## WORK TO BE COMPLETED
Reproduce the data exactly as given, except for any images.

## INFORMATION SUPPLIED

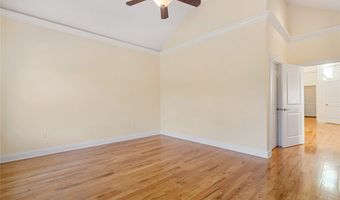 16 Oleander Dr, Anderson, SC 29621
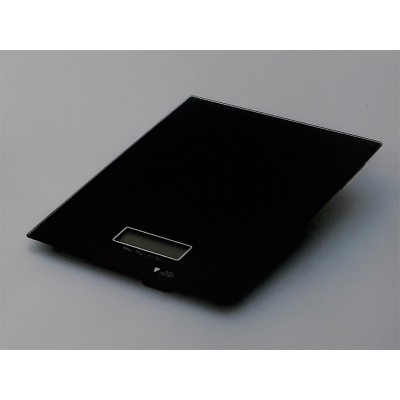 Ψηφιακή Ζυγαριά Κουζίνας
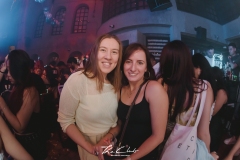 PA1_1541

## RESULT FOR THIS TASK
 16 Oleander Dr, Anderson, SC 29621
 Ψηφιακή Ζυγαριά Κουζίνας
 PA1_1541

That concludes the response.